Lacordaire Academy’s three-acre campus blends a wholesome, small-school education with an academic rigor that prepares graduates to enter the world. The college preparatory school provides a coed education from pre-K through eighth grade, and an all-women’s Upper School.
“Lacordaire is an age-appropriate, joyful bubble where parents know their children are safe and loved,” says Director of Admissions Saydi Callahan Keefe. “But we also want our graduates to be ready for the outside world with critical thinking skills, organization, knowledge and creative problem solving.”
PREPPING FOR COLLEGE (AND LIFE), DOMINICAN STYLE
Lacordaire was founded in 1920 by the Sisters of St. Dominic of Caldwell, as a French-English school for girls. It has evolved into Lower, Middle and Upper Schools led by a veteran leadership team that works together to uphold Dominican values.
Lacordaire is currently experiencing its highest enrollment ever, and this year resumed a robust schedule of events, celebrations and galas, both local and international trips as well as many opportunities for parent and community involvement. The school continues to have highly competitive high school and college placement rates. “We are thrilled to have a completely open and active school and lots of celebrations and programming for our students and their families to enjoy,” she says.

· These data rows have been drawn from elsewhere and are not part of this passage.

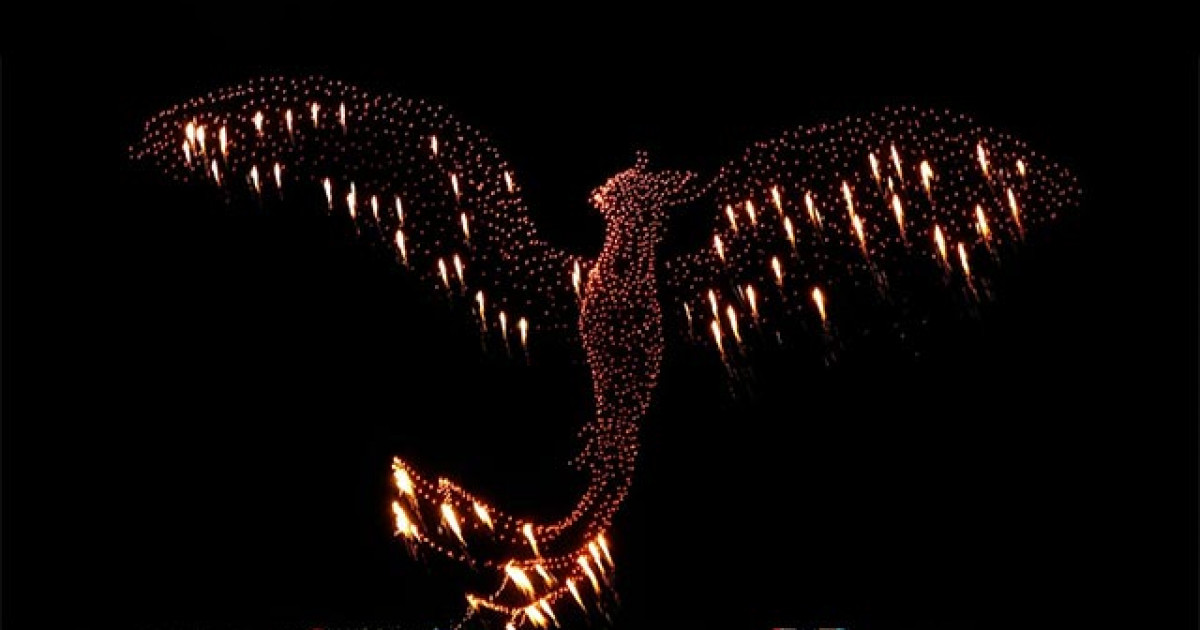 Біріккен Араб Әмірлігіндегі Жаңа жылға арналған дрон-шоу Гиннестің рекордтар кітабына енді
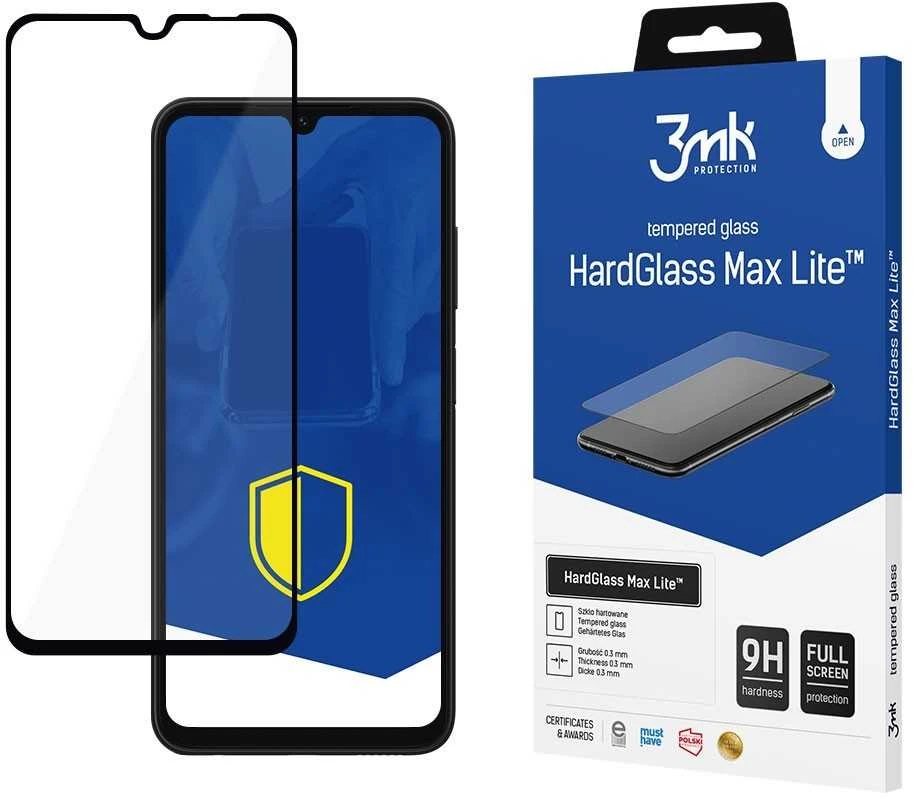 3MK HardGlass Max Lite Samsung Galaxy S24 FE S721 juodos spalvos, Fullscreen Glass Lite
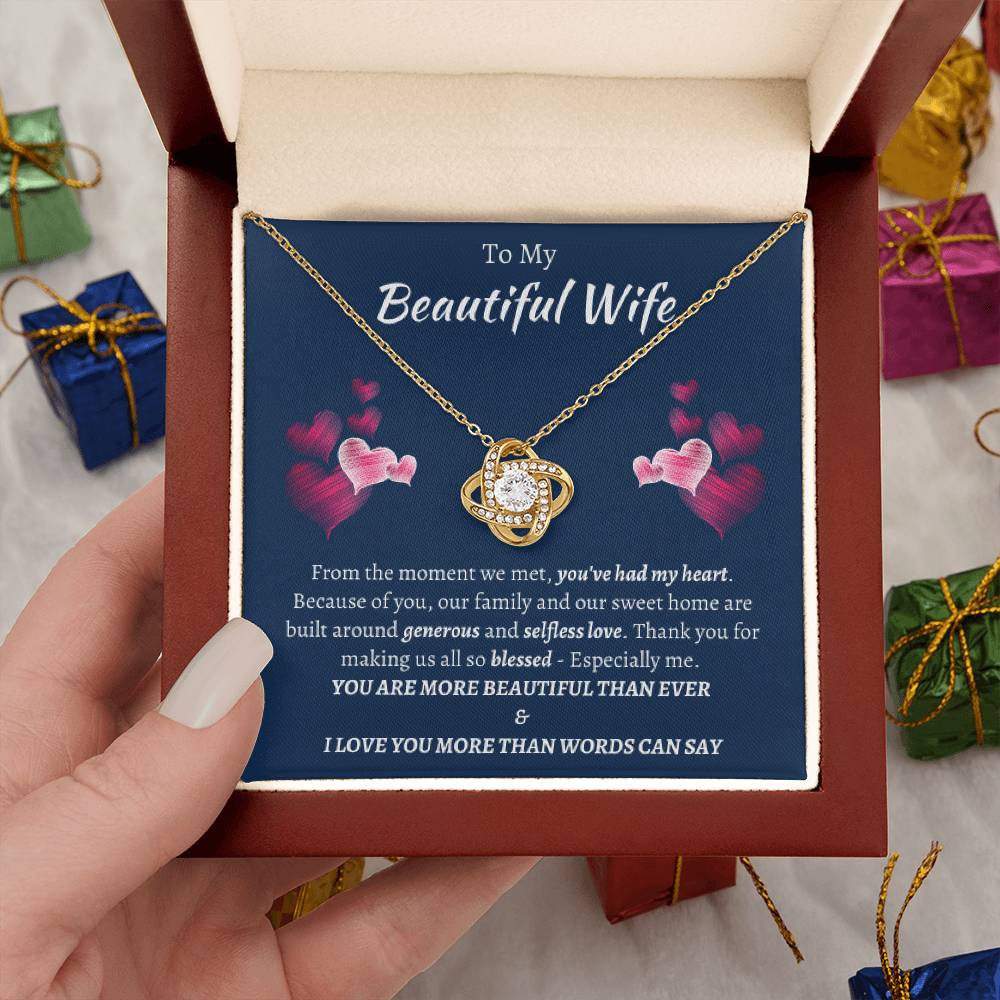 Etsy Test 01 - To My Beautiful Wife – Forever Grateful for Our Family on Mother’s Day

Lacordaire students are involved in activities such as a forensics and debate team, Mathematics Honor Society and vibrant performing and visual arts programs, along with an array of other clubs, organizations and sports teams. Three brand new, state-of-the-art science labs opened last fall.
Lacordaire also boasts a rigorous public speaking program, which is fitting as the school’s name pays tribute to Pere Henri Lacordaire, a 19th-century Dominican priest famous for his gift of public speaking.
SERVICE THROUGH KINDNESS
Lacordaire’s commitment to service is evident through an array of charitable activities, from students volunteering at soup kitchens to singing Christmas carols at local senior centers.
“We cultivate the Dominican values of community service and loving your neighbor and that shows in the interactions amongst our faculty as well as children in all three divisions—the older students see themselves as big brothers and sisters to the younger kids and they want to set a good example,” Keefe says.